One of the most common criticisms of the emerging carbon market is that carbon credits are far too ephemeral a commodity to trade with any confidence.
In essence, all that is being exchanged is a vague commitment that some carbon emissions somewhere have not been released, or in the case of cap-and-trade only a certain quantity of emissions have been released. It is a whole market built on negatives which, as with all negatives, can not be proven.
And yet while this criticism has a certain validity it conveniently ignores the fact that much of the supposedly more tangible financial markets are similar dependent on the confidence that is held in otherwise worthless commodities. A carbon credit may be essentially a contractual agreement not to pollute, but cheques and even bank notes are just contracts too – albeit ones people have an enormous confidence in being honoured.
The problem is not with the concept of a carbon market, particularly given that evidence is beginning to emerge that the approach is working.
The issue with carbon credits, or indeed any attempt to establish carbon a currency, is in establishing confidence in that commodity.
The primary means put forward to establish this confidence is through the development of international standards. As more and more carbon markets emerge - and this week alone we've seen further developments in planned cap-and-trade mechanisms in Japan, the US and the UK - it is hoped that standardised approaches for measuring carbon and registering and trading credits will be imposed, providing rock solid foundations for this new commodity class.
Equally, the emergence of such standards should enable software solutions for measuring and monitoring carbon emissions - such as those unveiled this week by IBM and EPS - to become pervasive, further increasing confidence in the provenance of carbon credits and the accuracy of carbon footprinting initiatives such as that currently being piloted by Tesco.
However, while such standards and technologies will undoubtedly help build confidence in the carbon market an equally important component of the credibility building process appears to be being largely ignored by many business and political leaders – namely enforcement.
Standards are only as good as the enforcement and auditing mechanisms that accompany them and on this topic there has been a resounding silence from many of those organisations championing the emerging carbon market.
Environment minister Phil Woolas hinted at the opportunity presented by the need for enforcement when, speaking at this week's Corporate Climate Response conference in London, he outlined his ambition to make London the global capital for carbon auditing services.
However, his own department's plans to expand carbon trading in the UK through the Carbon Reduction Commitment appear curiously averse to establishing strong enforcement mechanisms, promising a light touch approach that while keeping administrative costs down also sounds like a tempting invitation for firms to under report their carbon data.
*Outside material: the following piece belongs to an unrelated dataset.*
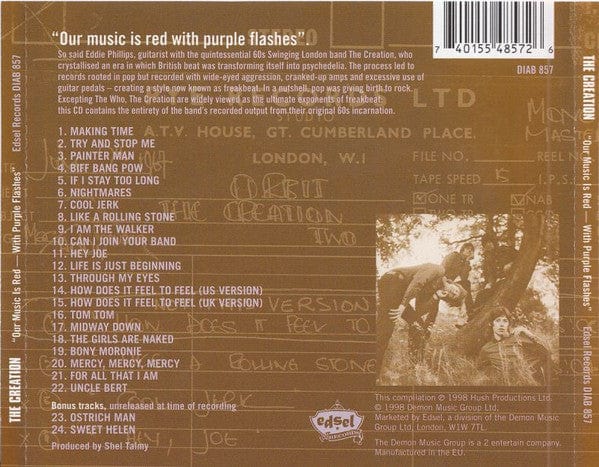 The Creation (2) - Our Music Is Red - With Purple Flashes (CD) Edsel Records,Demon Records CD 740155485726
I don't wish to strike any further blows to confidence in the carbon market, but I imagine that fraudsters are currently watching developments in the global sector avidly. Similarly, with customers increasingly demanding that firms boast strong environmental credentials it has to be accepted that many suppliers will have a vested interest in underreporting their carbon data.
You just need to find yourself with a counterfeit £10 note in your hand to know that you can never establish complete confidence in any market, but until the enforcement and fraud detection mechanisms in the carbon market are at least as sophisticated as those in the financial markets then the concept of carbon as a currency will struggle to gain traction.
Right, I'm off to try and work out how on earth you could convince people to welcome a man made tornado to their community.